An 18-day search came to an end when police broke into a locked home in Australia, where a missing 4-year-old girl who prompted the entire nation to worry about her whereabouts, was found alive and safe.

According to the Associated Press, body cam footage showed the moment when the little girl, Cleo Smith, was scooped up by Police Commissioner Chris Dawson and said "My name is Cleo."

“When she said, 'My name is Cleo,' I don't think there was a dry eye in the house," Deputy Police Commissioner Col Blanch told 6PR radio.

Smith was found only a short drive from her family home in Carnarvon, in a house owned by a 36-year-old man who is thought to have abducted her during a camping trip with her mother, stepfather, and sister. They went camping at Blowholes Campground, 47 miles north, on October 16.

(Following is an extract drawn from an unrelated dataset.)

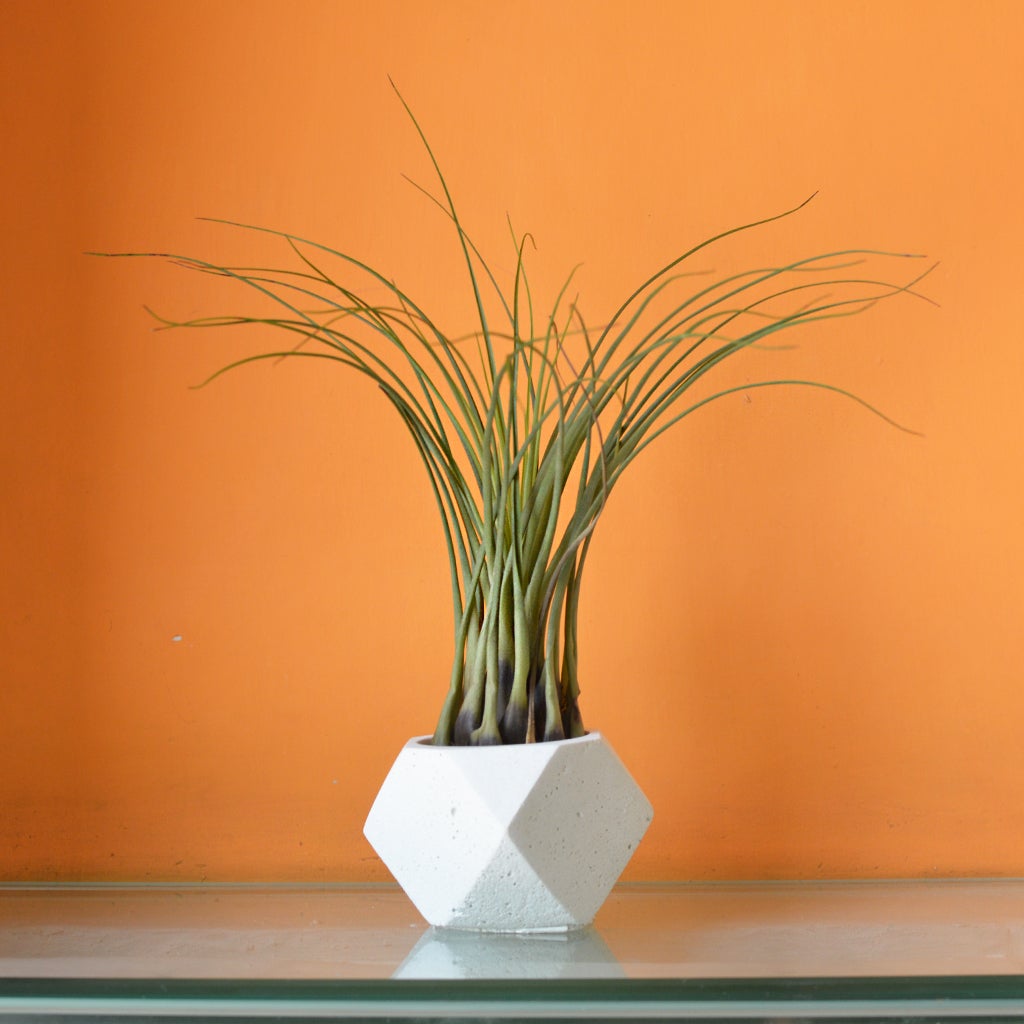 Tillandsia Punctulata Air Plant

The man, who "has no family connection," according to police, has been arrested and is being questioned. He was not there when police entered the home.

"Our family is whole again," her mother Ellie Smith, now reunited with her daughter, wrote Wednesday on Instagram, showing a picture of Smith smiling.

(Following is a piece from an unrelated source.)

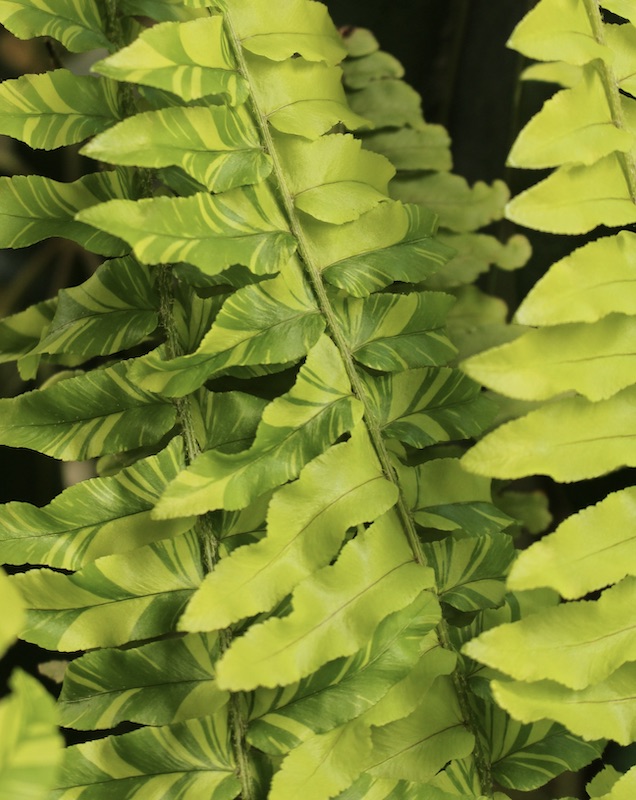 variegated boston fern tiger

Dawson did not give specifics of the case but mentioned, “This has been an ordeal. I won’t go into any more details, other than to say we’re so thankful she’s alive,” and that the 4-year-old girl is doing “as well as you can expect.”

It was at first thought that Smith had wandered off on her own but further investigation led officials to believe that she was taken from her tent that she shared with her sister the second night of their camping trip, AP reported.

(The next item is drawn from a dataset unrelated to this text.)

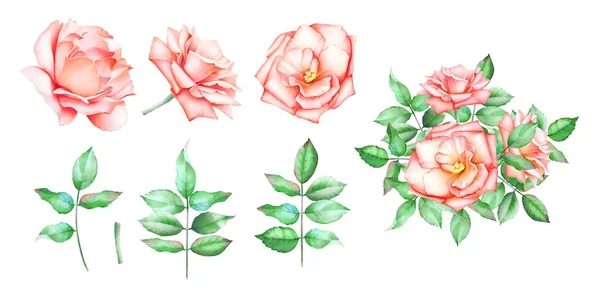 Hand Drawn Watercolor Set Orange Roses Branches Leaves Isolated White — Stock Photo, Image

Investigators followed multiple signs of evidence that had eventually led them to the house where she was found.

“We were ... looking for a needle in a haystack and we found it,” Blanch told 6PR radio. “There were lots of things. There were car movements, there were phone movements, there were antecedents of people.”

Prime Minister Scott Morrison, an Australian politician, reacted with joy and support to the finding of Smith while on his way back from attending the United Arab Emirates in Scotland.

“It’s every parent’s worst nightmare. The fact that that nightmare has come to an end and our worst fears were not realized is just a huge relief, a moment for great joy,” Morrison told reporters. “This particular case, obviously, has captured the hearts of Australians as we felt such terrible sorrow for the family,” he added.